France: Jews flock to Montreal to build a new life


When Dan Charbit and his wife, Gaelle Hazan, moved to Montreal from Paris two summers ago, it was meant to be a temporary fix — a year-long attempt for Charbit to reboot his stalled career as a special-effects artist in Quebec’s thriving film and television industry. They agreed to fly home if the experiment failed.

 Fourteen months after arriving in Canada, the couple has no desire to return to France. The 43-year-old Charbit, who won an Emmy earlier this year for work on the fourth season of the hit HBO show “Game of Thrones,” started a new job last month as a supervisor at Mokko, a Montreal-based special-effects studio serving the film and television industries. Hazan, 39, has found employment as a construction project manager.

Charbit and Hazan are part of a new wave of French Jews who have resettled in French-speaking Quebec, fleeing France’s dismal unemployment rate, which hit 10.5 percent in September, as well as the shock of anti-Semitism that has reverberated throughout the country in recent months and crested over the summer during waves of anti-Israel demonstrations.

France’s Jewish Community Protection Service reported 527 anti-Semitic incidents in the first half of 2014, compared with 276 in the same period last year. In recent months — and especially in the wake of the most recent Gaza war — there have been incidents of Jews being harassed, even physically assaulted, in the streets, and synagogues and Jewish-owned stores and restaurants being torched. And notably, in 2012, four people, including three children, were killed during a shooting rampage at a Jewish school in Toulouse.

While Israel remains the destination of choice — 5,063 French Jews made aliyah between Jan. 1 and Sept. 30, according to the Jewish Agency for Israel, the most from any European country — Quebec, and its largest city of Montreal in particular, is quietly becoming a popular alternative for émigrés.

“I hear and I know of young couples moving to Quebec,” said Serge Cwajgenbaum, the Lyon, France-born secretary general of the European Jewish Congress. “The reason is not necessarily related to the rise of anti-Semitism, but it’s more to find a proper future, in terms of good work, good salaries and a cheaper way of life.” There are some 90,000 Jews in the Montreal metropolitan area.  [...]

Monique Lapointe, director of Agence Ometz, Montreal’s primary Jewish social services and resettlement organization, told JTA she has noticed a significant increase in newcomers, especially over the past year. Inquiries, Lapointe said, have poured in through Ometz’s email system and Facebook page — including from French Jews currently living in Israel.  “I wouldn’t say it’s a huge number of [immigrants],” Lapointe said. “But it’s a trend. We’ll be anticipating more.” Lapointe described the average immigrant as single, between the ages of 25 and 35, “very well educated and looking for a new kind of life.”

The wider Montreal Jewish community, Lapointe said, is now in the early stages of crafting a coordinated approach to handle the inflow.
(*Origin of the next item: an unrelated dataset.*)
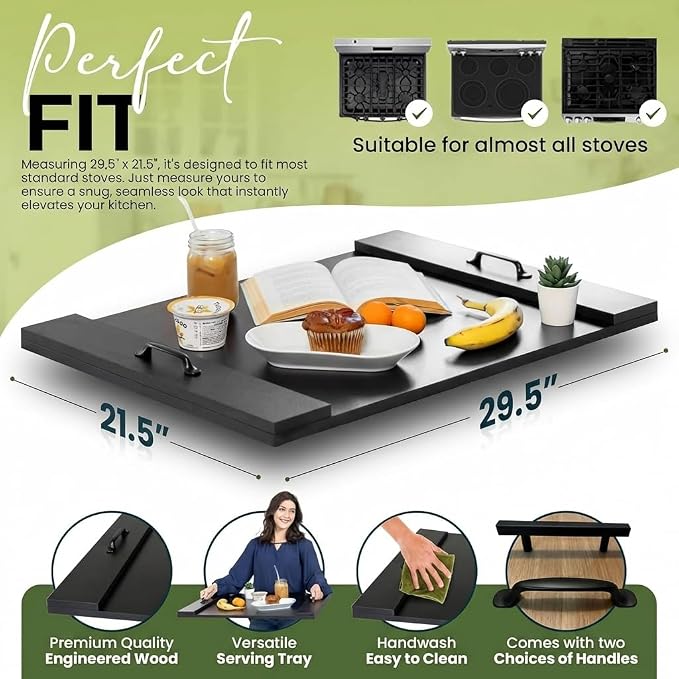 Noodle Board Stove Cover with Handles for Electric and Gas Stove Top Covers | Rustic Farmhouse Décor for Kitchen, RVs, Adds Extra Counter Space, Cutting Board, Protects Burners, Durable Laminate Wood
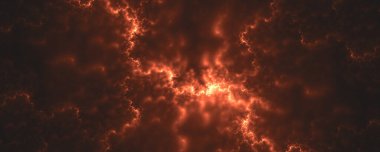 Siyah bulutların ortasında yıldırım çarpması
Thus far, it has been difficult to track newcomers, she added, partly because French Jews keep looser ties to Jewish community organizations than do their North American counterparts. “In France, people don’t talk about Jewishness,” Lapointe said. “They’re not used to community organizations. Some will never come to see us. They don’t have this reflex.” [...]

Families with children also reported a fear of anti-Semitism, and anxieties about their ability to practice Judaism safely amid a rise in anti-Semitic rhetoric and attacks.

For Julie Weill, a 31-year-old mother of three, the decision to leave her home in Strasbourg five years ago was prompted by the increasing sense of unease she and her husband, Nathanael, felt as Jews in France. While the modern Orthodox couple was never victimized by anti-Semitism, they heard stories from friends and family, and it was considered dangerous, Weill said, to walk around downtown Strasbourg wearing a yarmulke. [...] Weill still finds it difficult to let her two boys, who attend a Sephardic Jewish day school, wear yarmulkes in public, an old habit from the family’s life in Strasbourg. But the concern, she acknowledged, is largely “irrational.”

Charbit and Hazan, both non-observant, have also felt a difference in Quebec society treats its Jewish community. “In France, you don’t put your mezuzah outside,” Charbit said. “Jewish life in Montreal is safer.”